Records for the exercise:
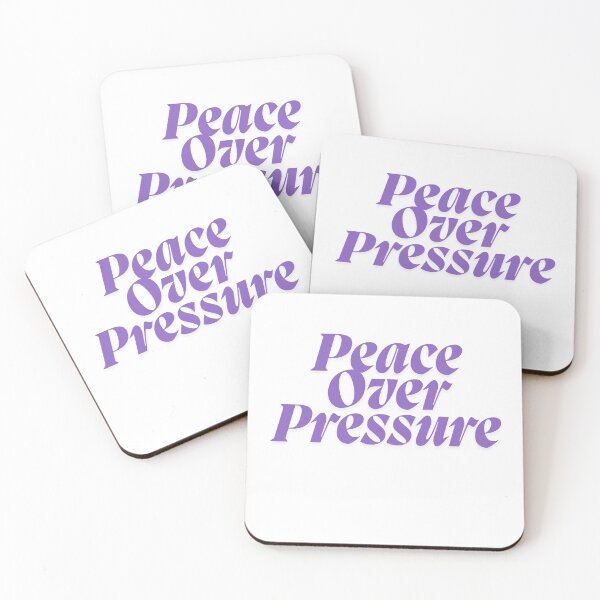 Item preview, Peace Over Pressure: Calm is the Power designed and sold by MGR LABEL.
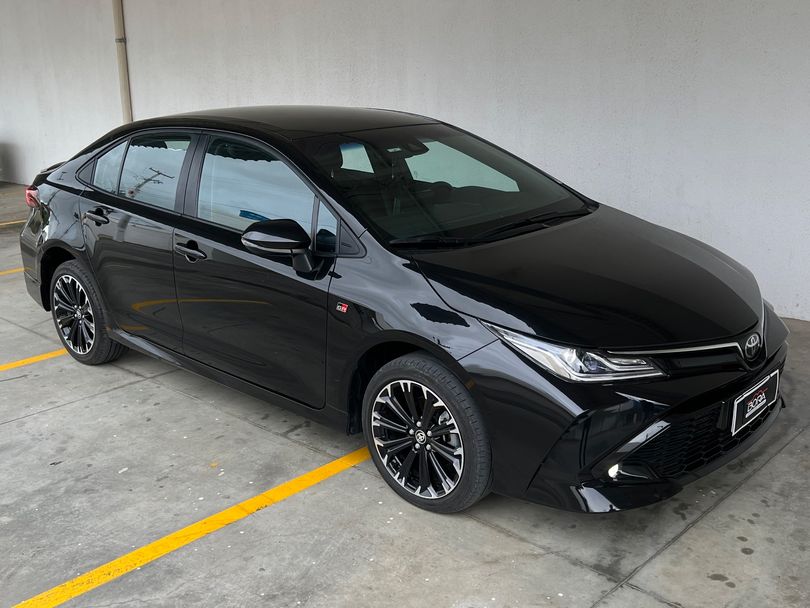 Toyota Corolla GR-Sport 2.0 Flex 16V Aut.
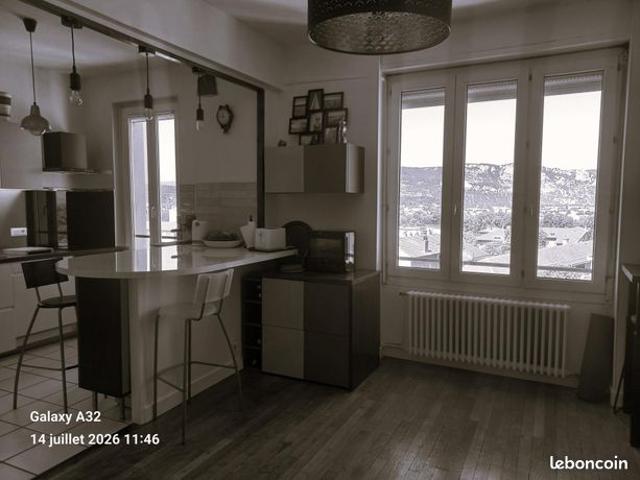 Appartement 3 pièces 72 m²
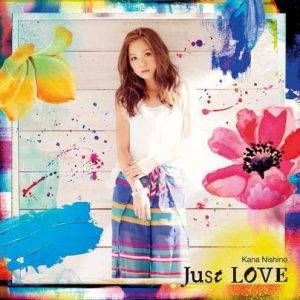 西野カナ「Just LOVE」４週ぶり首位返り咲き、自身初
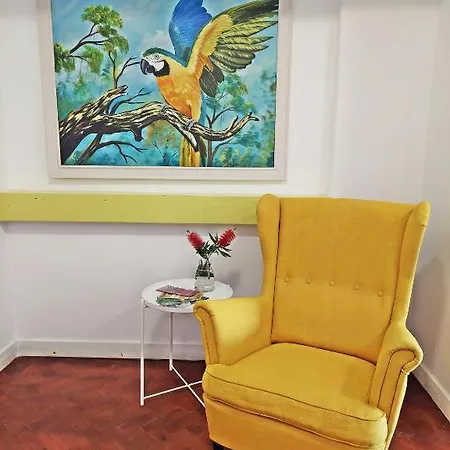 Bella بيت ضيافة Lisboa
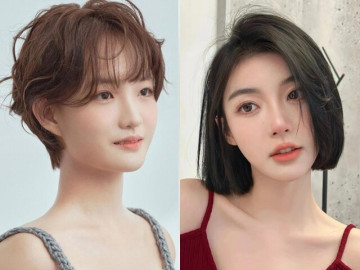 5 kiểu tóc ngắn dành cho người lười và bận rộn, sáng dậy không cần chải chuốt, tóc vẫn xinh và mượt mà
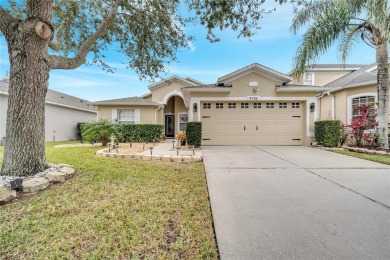 Welcome to this exquisite 3-bedroom, 2-bathroom sanctuary on North Shore Golf Club in Florida - for sale on GolfHomes.com, golf home, golf lot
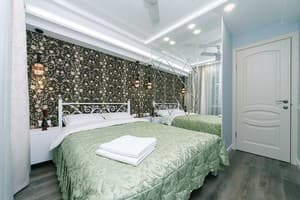 Квартира на ул. Новогоспитальная, 5А. Апартаменты 6-местный №414 2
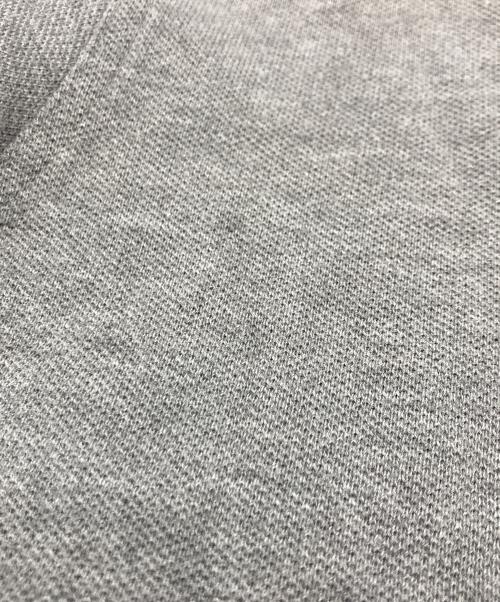 FRED PERRY（フレッドペリー）FRED PERRY (フレッドペリー) ポロシャツ グレー サイズ:Sの古着・服飾アイテム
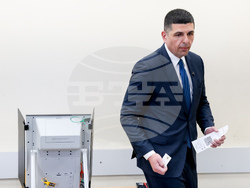 Парламентарни избори - Ивайло Мирчев - гласуване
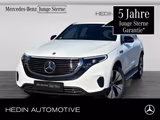 Mercedes-Benz EQC 400 4M MBEAM|MBUX|TEMP|KAM|KEYL|LED|LM|DAB - Mercedes-Benz Elektroautos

Exercise aim:
Take the lines from the one that contains "Парламентарни избори - Ивайло" down to the last line of the listing above, both included, and set them down exactly, leaving out pictures.

Task result:
 Парламентарни избори - Ивайло Мирчев - гласуване
 Mercedes-Benz EQC 400 4M MBEAM|MBUX|TEMP|KAM|KEYL|LED|LM|DAB - Mercedes-Benz Elektroautos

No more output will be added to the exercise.